Our sangha, or meditation group, which I had the privilege of leading last Saturday, devoted some discussion time to the theme of mindful caregiving, essentially how our regular meditation practice becomes embodied in our relationships with others. I wanted to add to this page some of the insights that arose in that discussion. Why is it so important that we practice with others, in a sangha? And how do we take our meditation practice from our sangha into the rest of our lives, particularly when we are caring for others? It is the central question of the book we have begun to read together, Frank Ostaseski's The Five Invitations.
First, one of the comments that has long been attributed to the Buddha himself: One of his followers said in praise of sangha, “Relationship must be half of the experience of our practice. The Buddha responded, “No. Relationship is the whole of our practice.”
Compassion is an essential spiritual teaching, not only in Buddhism but in other traditions as well. Literally it means to suffer with, but in practice, compassion is a response to the suffering of others that motivates a desire to help them. So there is an implied other, whether a person or another sentient being, or even dissociated aspects of our own selves, which we need to more consciously, more fully embody, in order to know our wholeness or integrity.)

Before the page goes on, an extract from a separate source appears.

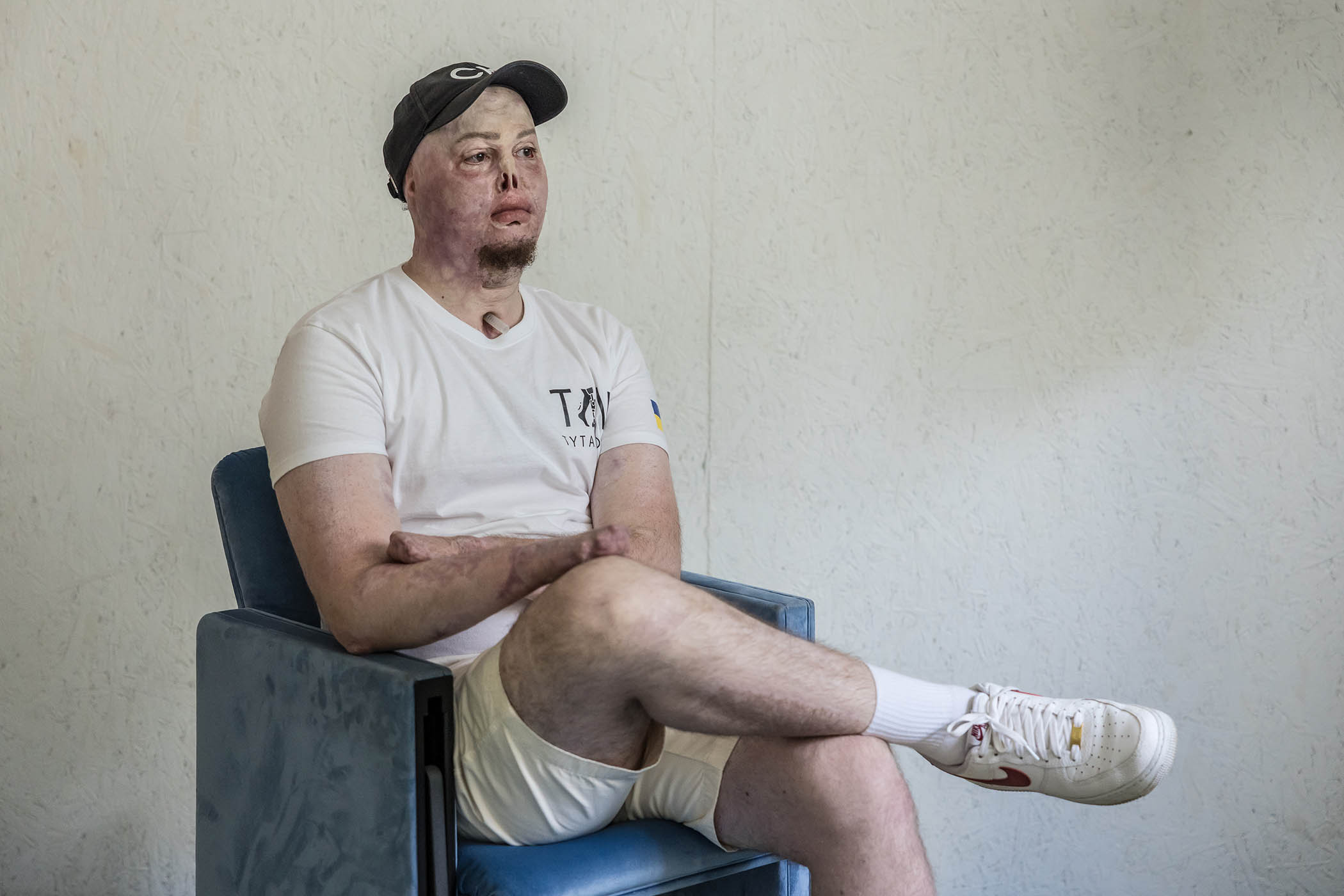 The new sex therapy for injured soldiers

Listening − truly listening − is the most powerful way to connect. We meditate to develop a listening heart, and by listening with our heart, we connect.
In the recent book What is Zen? written by Norman Fischer with the assistance of Sue Moon, Norman said
“…as I’ve gotten older and practiced with more and more people over the years, I have attached much more importance to the teachings about compassion and connection…[Those teachings] are saying that it’s nothing but connection, compassion, and love. That’s all there really is… The teachings are expressed through dialogue and encounter, person to person.”